Obama has said, repeatedly, that he was forced to move by executive orders because the Congress didn't act. That is pure hogwash and bunk. By not enacting a law Obama wants, the Congress is acting. If they didn't pass a law for him to sign, they are saying, under our system, that there is not enough of a will to have that law right now. If Obama and his functionaries want a law this Congress won't pass, he needs to appeal to the American people to elect Congressmen or Congress Women that will pass such a law. Obama knows he won't get the people to do that while he is president, and part of the reason for that is that he rammed too many really bad laws through the Congress that the American people did not want. Like Obamacare or Obamashame, whatever you decide to call it. He and his confederates - Harry Reid and Nancy Pelosi - literally changed the voting rules in the Congress to get Obamashame enacted. The American people, by a large majority, hate that law. They started to elect people to the Congress who promised not only to never pass a law like that again, but to do whatever they could to repeal the law.
When President George W. Bush was re-elected, you might remember him saying that he intended to use some of his political capital in his second term. That was his way of saying that the American people wanted him to propose laws that he said he favored during the campaign. Since he won by fairly large majorities in many states, he believed he had what some call a 'mandate' to make changes. You might say, well, Obama won by large majorities in 2008, and you'd be correct. But he never said he intended to introduce a law like Obamashame in the Congress. All of the Opinion Polls taken as the bill quickly passed through the Congress indicated a large majority of Americans didn't want this law. But he rammed it through. In doing so, he incinerated almost all of his political capital.

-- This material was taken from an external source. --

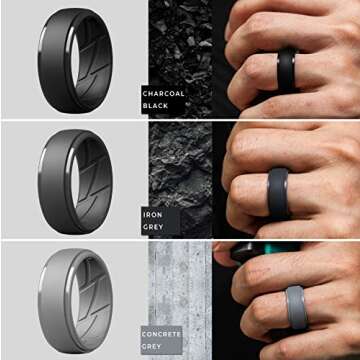 ThunderFit Silicone Rings for Men, Breathable Air Flow Grooves Rubber Wedding Bands 10mm Wide 2.5mm Thick - 1/2/3/4/5/6/7 Variety Multipack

Let's now return to Senator Shelby. What he was telling Ms. Lynch and, at the same time, Obama, was that no executive order was going to take away the Second Amendment rights of Americans. As I understand Obama's ideas, he wants to say in his orders that anyone who sells a gun, even one single gun, must go through the same background checks that large gun dealers go through. That would be tremendously expensive and would chill the right to purchase a gun. Senator Shelby was saying to Ms. Lynch that even if she tells Obama he can enact such a rule, that doesn't make it so. If someone violates the order and the government takes action against that person, a lot of organizations will quickly move to assist the person and have the law stricken. Senator Shelby was also saying that Americans do not have to abide by an executive order that violates the Constitution. He is correct, but you better hope, if you're caught, that the Court who makes the decision on your actions interprets the law and the Constitution as you do. If the judge is a true American, he or she will. But Obama has appointed a whole lot of federal judges who are prepared to ignore Constitutional Rights.